Q. proteomics experiments: purity issues

Text ok to incorporate up until RCA.

Need to review RCA. Was originally only intended for use with publications where further validation done computationally. Should be ok for HTP paper that do this analysis, but guidance says that it should be reviewed each year, which sounds strange for publication-traceable annotations. Note: Most RCAs are much greater than one year old (as far back as 2004, Rachael has found). Kimberly opened ticket for RCA review. https://github.com/geneontology/go-annotation/issues/1801

If we want to use RCA for analysis of HTP by ourselves then we need to do some thinking.

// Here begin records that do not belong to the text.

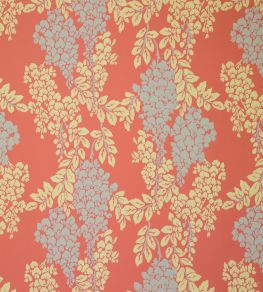 Wisteria Wallpaper by Farrow & Ball Bespoke Red Wisteria Wallpaper by Farrow & Ball Bespoke Red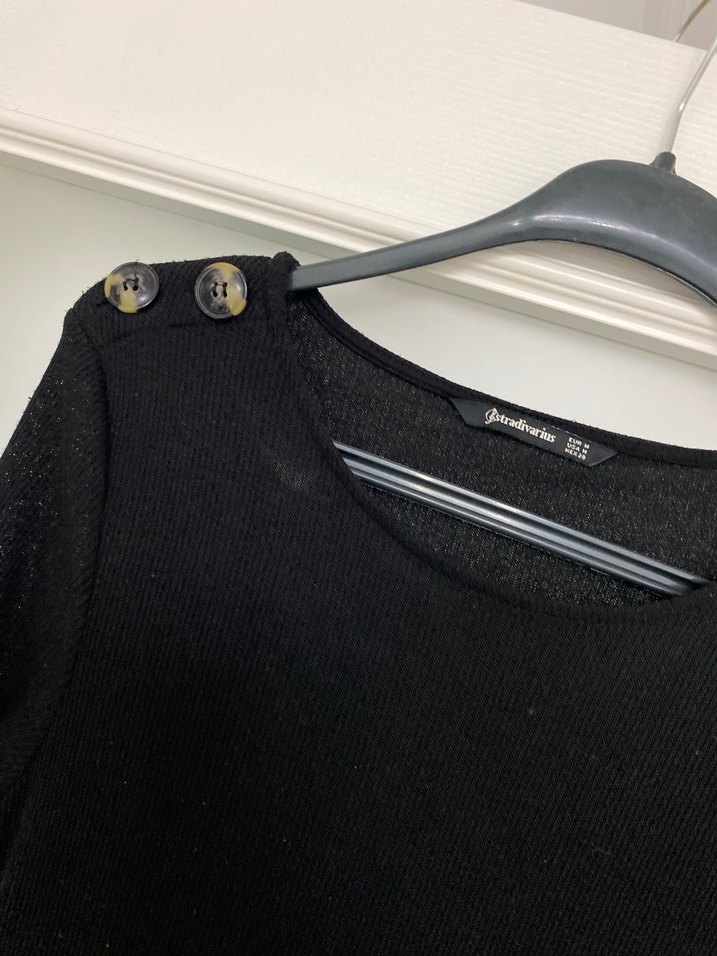 Siyah Uzun Kollu İnce Kesim Elbise - Görsel 3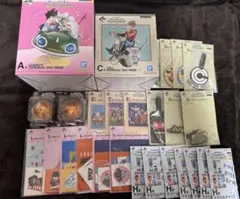 一番くじ　ドラゴンボール　A賞孫悟空＆チチ、C賞亀仙人フィギュア、下位賞セット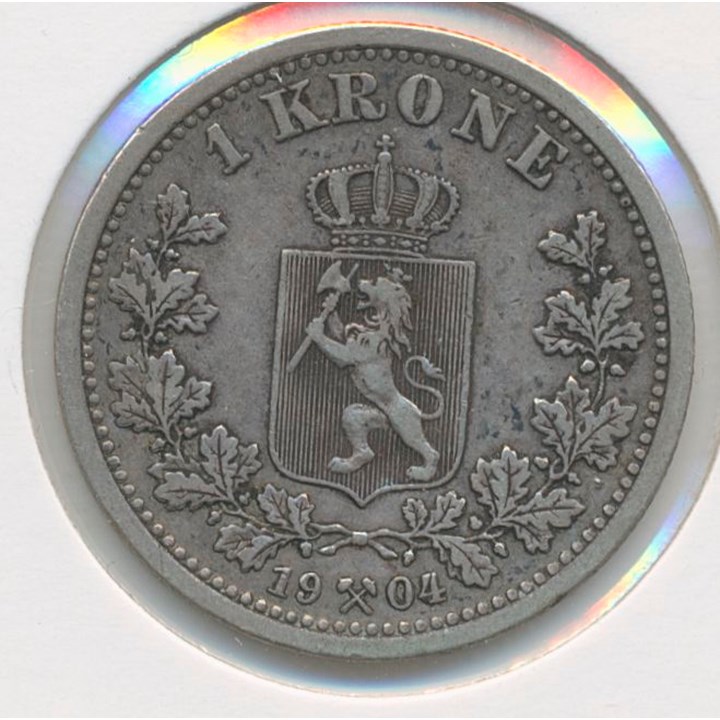 1 Krone 1904 Kv 1/1+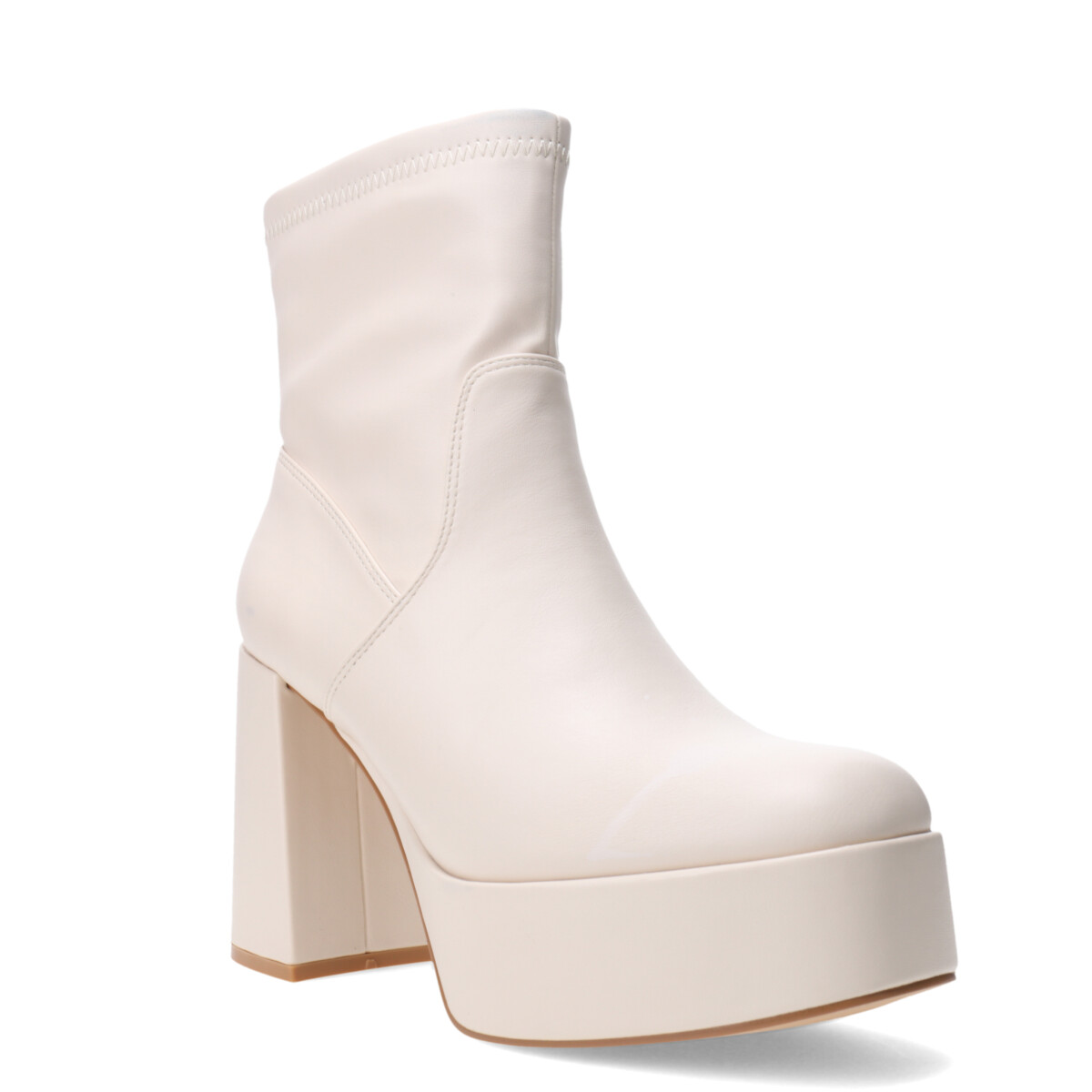 Bota PLACID con simil cuero elastizado MissCarol - Off White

Kimberly has crystallized the issues in https://github.com/geneontology/go-annotation/issues/1796

“I like the suggestion of using an external validation tool to perhaps help with annotating HTP data. However, I think if we're going to pursue this, here are some questions we'd probably want to answer: What tool(s) or algorithms can be used? Are these tool(s) or algorithms maintained and updated based on new experimental data? Is the output of the tool manually reviewed by a curator? Is there a mechanism for curators to provide feedback on the tool(s) or algorithms? Is there a reviewed publication for the tool(s) or algorithm that validates its predictions? Will we need a new GO_REF for each combination of an HTP paper and an in silico method? Exactly what evidence code to use is still a question for me, but something like RCA is probably the best fit.”

tberardini commented 5 years ago

Why is this issue still open? Further action needed?

hattrill commented 5 years ago

Think we can close now.